Rajan has yet another speech in which he says much of the same but two important points:
In the coming weeks, we will roll out more recommendations of the Gandhi Committee report to improve the liquidity and depth of the G-Sec market. We will then turn to money markets and corporate debt markets. We will introduce new variants of interest rate futures and products like inflation indexed certificates, and work to improve liquidity in derivative markets.
This is interesting. The Gandhi committee report is here. They are likely to
There are more recommendations. It will be quite interesting if these come through. Imagine if you can easily buy or sell government securities including T-Bills. You are currently getting, from the government, yields of above 9% for T-Bills as less as 91 days.

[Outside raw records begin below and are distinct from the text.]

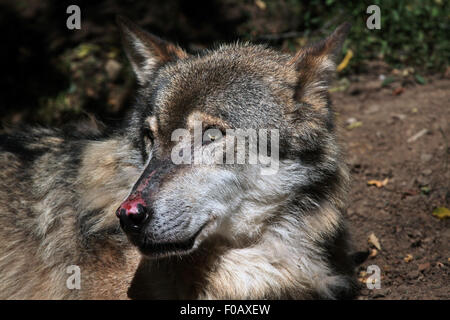 Eurasian lupo (Canis lupus lupus) presso lo Zoo di Chomutov in Chomutov, Boemia settentrionale, Repubblica Ceca. Foto Stock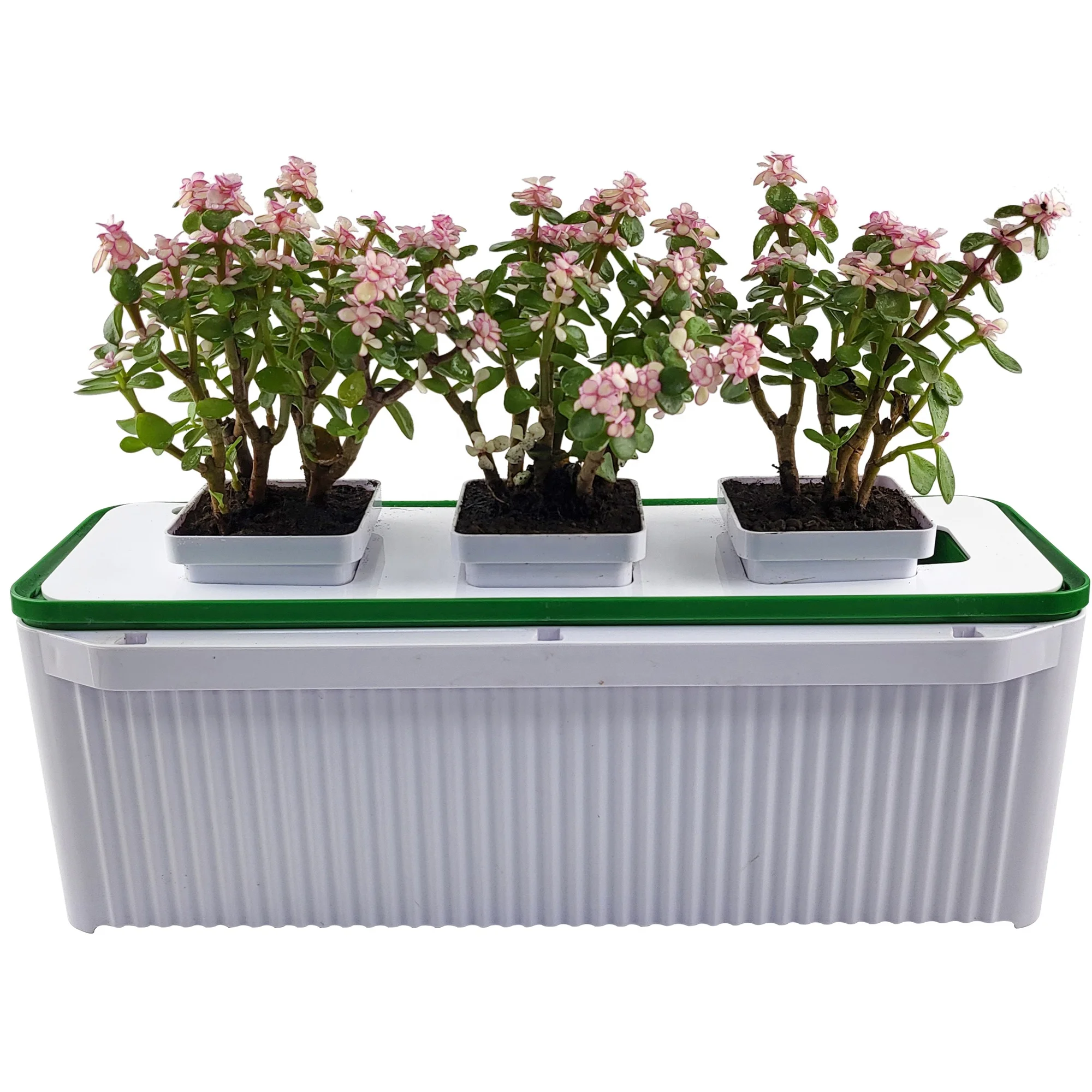 complete hydroponic growing systems hydroponic rock wool cubes for lettuce growing complete hydroponic growing systems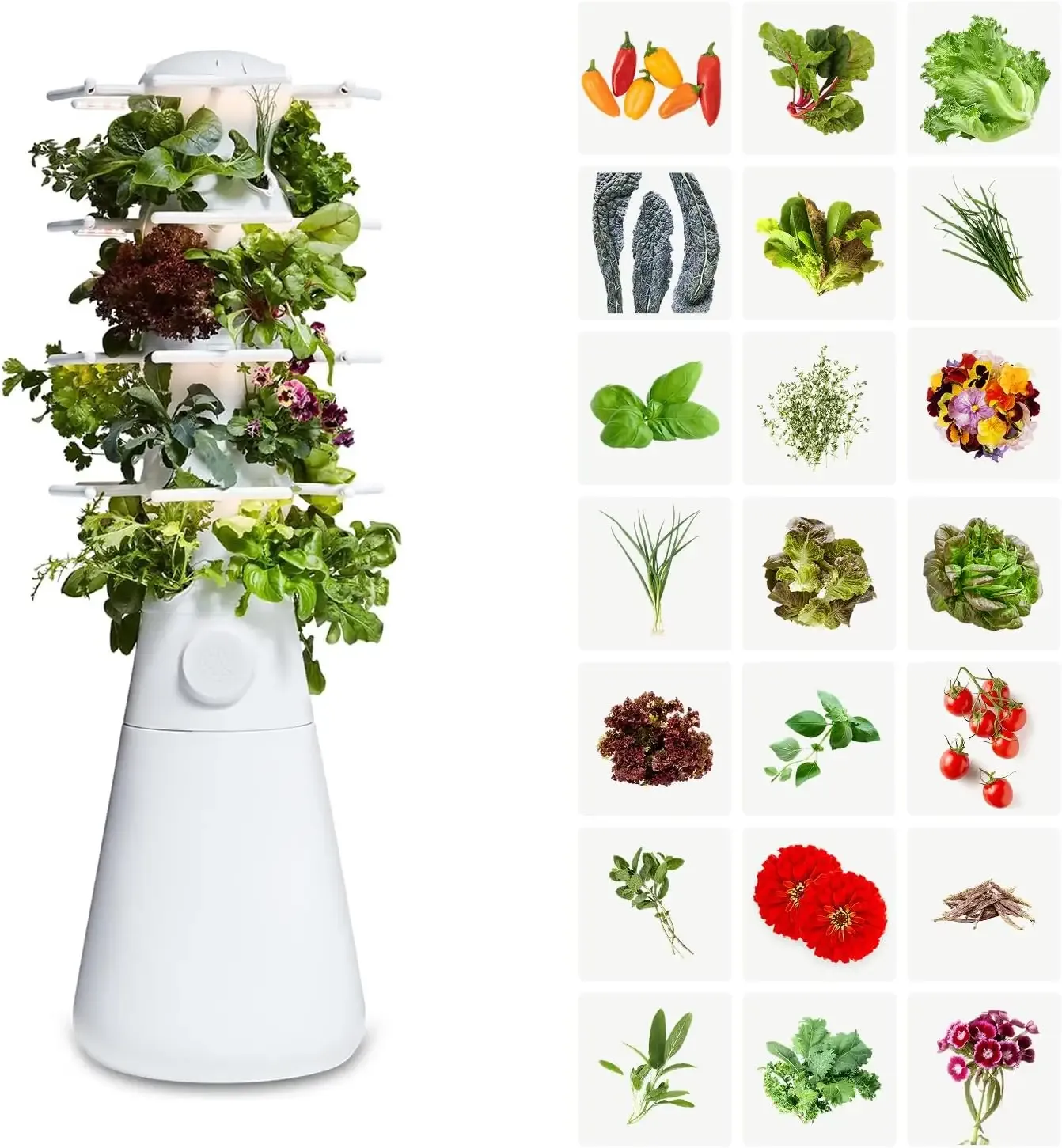 Lettuce Grow Farmstand Nook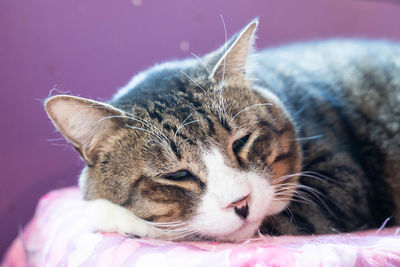 Close-up of cat sleeping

You can also get a much better deal on a long term cash flow instrument, like a 30 year bond – so if you retire today, you could easily buy a 30 year bond at a yield of about 9.25%. Comparable annuities yield far lesser, and don’t allow you to cash in part of the portfolio in the interim. And you don’t get 30 year FDs to lock in yield. This could be quite interesting for the future.
And last but not least, with have to deal better with distress; The natural, and worst, way for a bank management with limited tenure to deal with distress is to “extend and pretend” to evergreen the loan, hope it recovers by miracle, or that one’s successor has to deal with it. The natural incentive for a promoter to deal with distress is to hold on to equity and control despite having no real equity left, and to stand in the way of all efforts to resolve the underlying project while hoping for an ‘Act of God’ to bail him out. Not all bankers and promoters succumb to these natural incentives but too many do.
We have to ensure that the system recognises financial distress early, takes steps to resolve it, and ensures fair recovery for lenders and investors. We could wish for a more effective judicial process or a better bankruptcy system, but while we await that, we have to improve the functioning of what we have. In the next few weeks, we will announce measures to incentivise early recognition, better resolution, and fair recovery of distressed loans.
A mechanism that creates incentives to early recognition has to mean only one thing – that banks needn’t recognize losses immediately. If banks had to, their profitability and reserve ratios will be hit badly.
Or, it might mean they will adopt a carrot and stick approach. A mechanism that puts ALL loans of any issuer at par with everyone else will be interesting – if you default on any loan, then every other bank that has lent to you must classify you as an NPA. A centralized mortgage system has already been introduced so that each mortgage is registered in a common place (so borrowers can’t borrow twice against the same collateral – a common occurance in the industry).
I would recommend that banks be forced to collaborate through a central NPA recognition system, and any secondary loan made to an entity that has not paid any other loan for even 60 days should attract big fines for the bank. Plus, for resolution banks will have to work together right from the beginning, instead of doing the CDR approach – RBI can design a framework which assigns the “lead” banker on an NPA who has to do a checklist of items that will ensure ring-fencing of assets and a short timeline to either bankruptcy or an RBI sanctioned extension. And, they have to include NBFCs and stock exchanges to participate otherwise things get moved around.
Finally, a system to auction bad assets (including collateral) might be useful, and could even involve non-banks and individuals.
We should wait and see what comes out of this. I see business opportunities for technology in both the above. I also see interesting points for new banks to make their mark in, and for good recovery companies to buy and deal in distressed debt.
Note: I’m sorry if this is too much about banking and too little about real macro nowadays.